Logo se especulou que ela aproveitaria o plenário para denunciar o golpe de Cunha e de Temer. E os moralistas de plantão vieram com avisos. Celso de Mello, o eterno decano do STF advertiu que se ela fizesse isso faria muito mal ao Brasil, principalmente porque estava errada ao chamar o impeachment de golpe.
Michel Temer ficou preocupado com a possível repercussão. Resolveu falar a alguns correspondentes internacionais antes dela, como uma espécie de vacina.
A Câmara, certamente preocupada com a imagem do Brasil, escalou e pagou passagens e estadias para dois deputados “acompanharem as declarações da Dilma”.
Até mesmo os lunáticos do MBL viajaram até lá (com que grana?) a fim de fazerem contraponto aos ataques de Dilma.
Na hora do vamos ver, ela só tocou de leve no tema na ONU, disse que a situação era grave e tal, mas não falou em golpe.
Eu sabia, porém, que depois de falar na ONU ela daria uma coletiva e aí sim o golpe estaria em pauta. Passei o fim de semana todo procurando essas declarações nos sites – porque os jornais não leio mais – e nas tevês e não encontrei nada.
Pensei até que ela tinha recuado, cancelado a tal coletiva.
Somente hoje liguei por acaso a NBR, aquela emissora que existe, mas falta avisar aos brasileiros e me deparei com uma entrevista feita num cenário mequetrefe – num jardim, com tijolinhos vermelhos ao fundo.
O lugar era tão precário que a certa altura a sirene de uma ambulância ou do corpo de bombeiros encobriu suas palavras.
De qualquer maneira, cenário mequetrefe ou não, ela disse algumas coisas que jamais tinha dito antes. Referiu-se, por exemplo, às declarações tanto de Celso de Mello quanto de Temer antes da sua viagem e disparou: “Sabem por que eles temem ser chamados de golpistas? Porque são”.

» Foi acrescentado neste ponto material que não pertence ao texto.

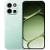 OnePlus Nord 6 8/256Gb fresh mint (мятный) Global Version
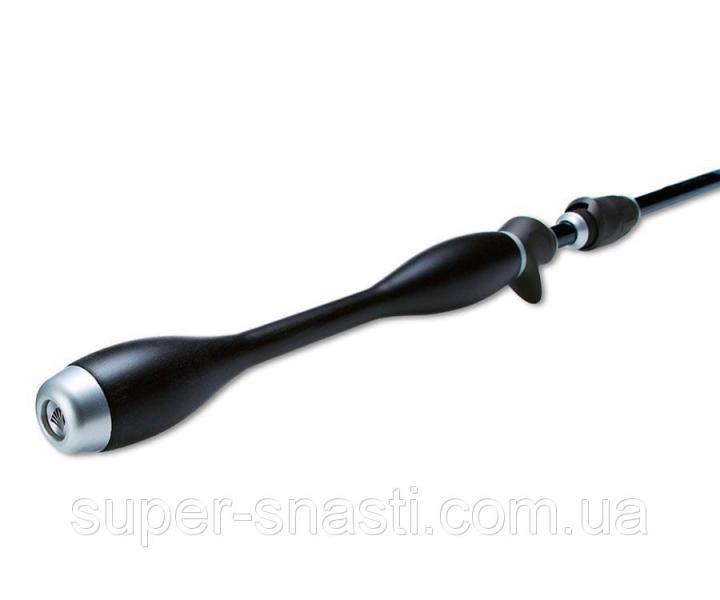 Фото  Спиннинговое удилище St.Croix Legend Xtreme M 2,28м 5,25-17,5г Fast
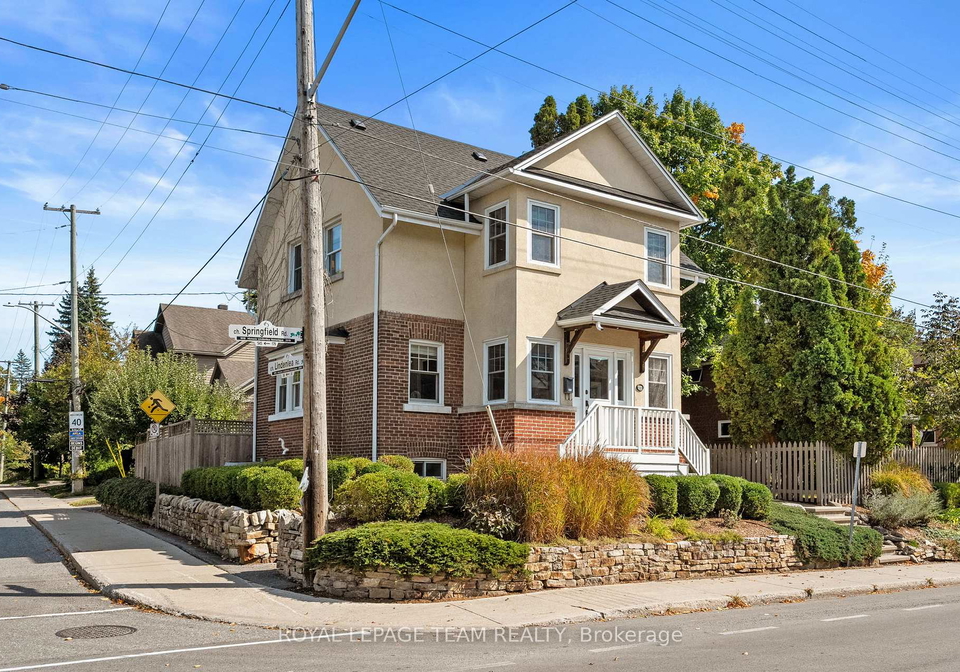 175-springfield-road-ottawa-ontario-x12429119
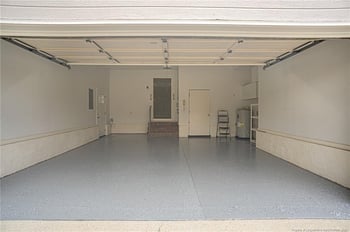 2923 Rosecroft Dr, Fayetteville, NC 28304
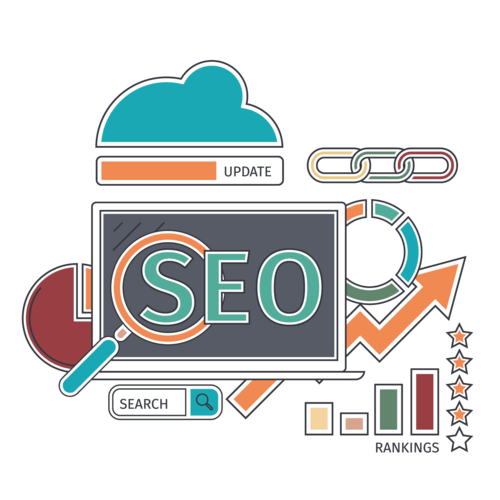 SEO Explained in Simple Terms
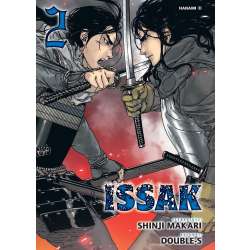 Issak T.2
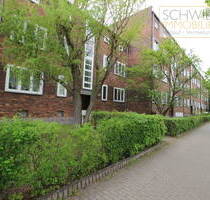 Wohnungspaket mit 6 Eigentumswohnungen in der Spremberger Vorstadt - Cottbus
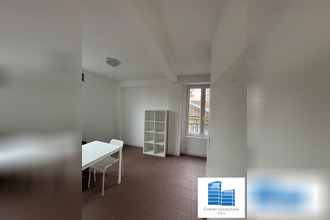  appartement gentilly 94250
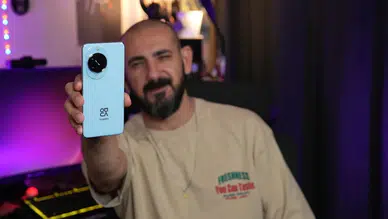 Fotoğraf Çekmeyi Sevenlere: Renk Doğruluğunda Yeni Bir Seviye | Huawei nova 14 Pro İncelemesi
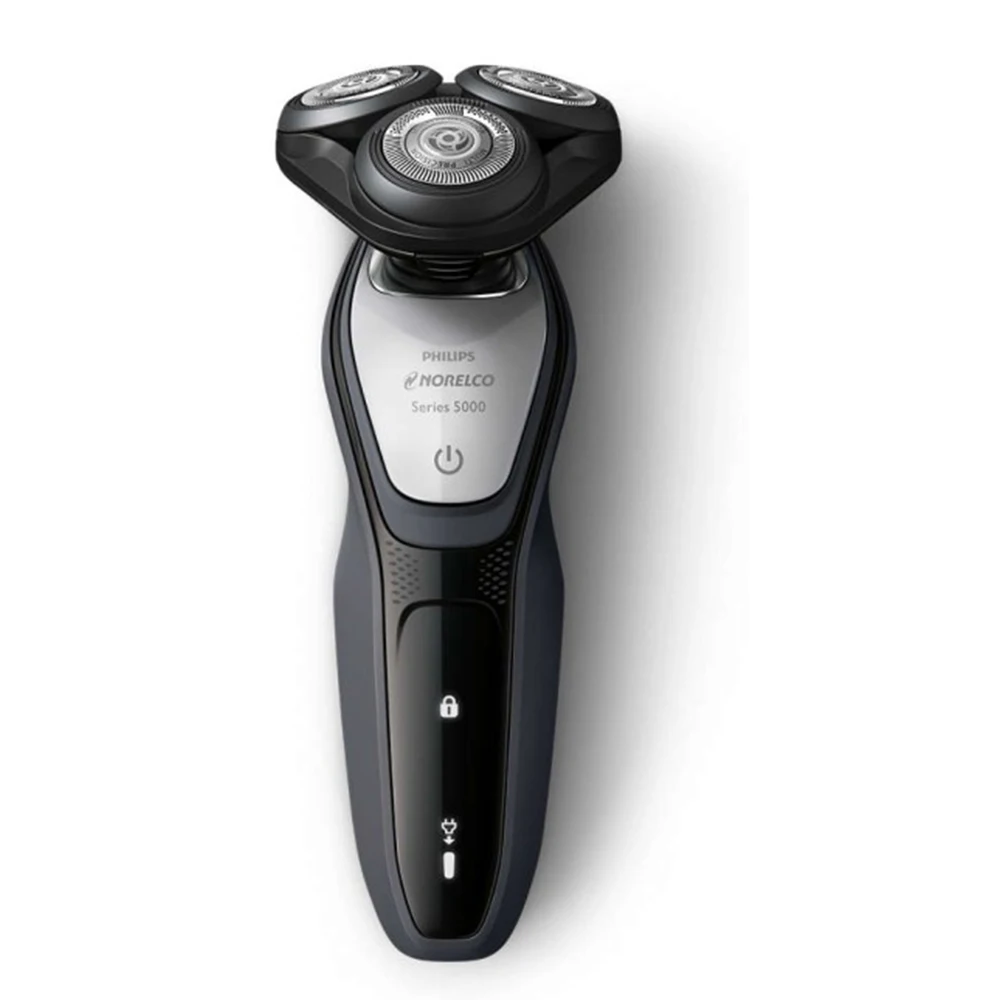 Philips shaver series 5000. Philips aquatouch s5400. электробритва philips s5100. бритва philips 5310 aquatouch. электробритва филипс 5000.
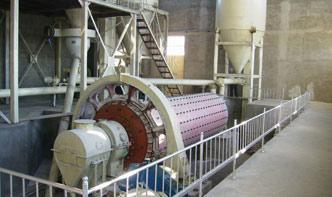 mining equipment ton gold wash plant for sale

Quase ela diz “Temer” em vez de “temem”.
Em condições normais de tempo e de temperatura qualquer editor de nível médio colocaria isso na manchete do seu jornal. Mas os jornais não deram nem tchuns.
Outra boa declaração: alguém perguntou por que ela falava em golpe se não havia militares nem armas na parada.
“A arma mais poderosa de um golpe é a mão. Basta rasgar a constituição e pronto”. Essa também daria uma boa manchete, mas não interessou.
Sabem por que os editores ignoram a presidente? Porque são golpistas.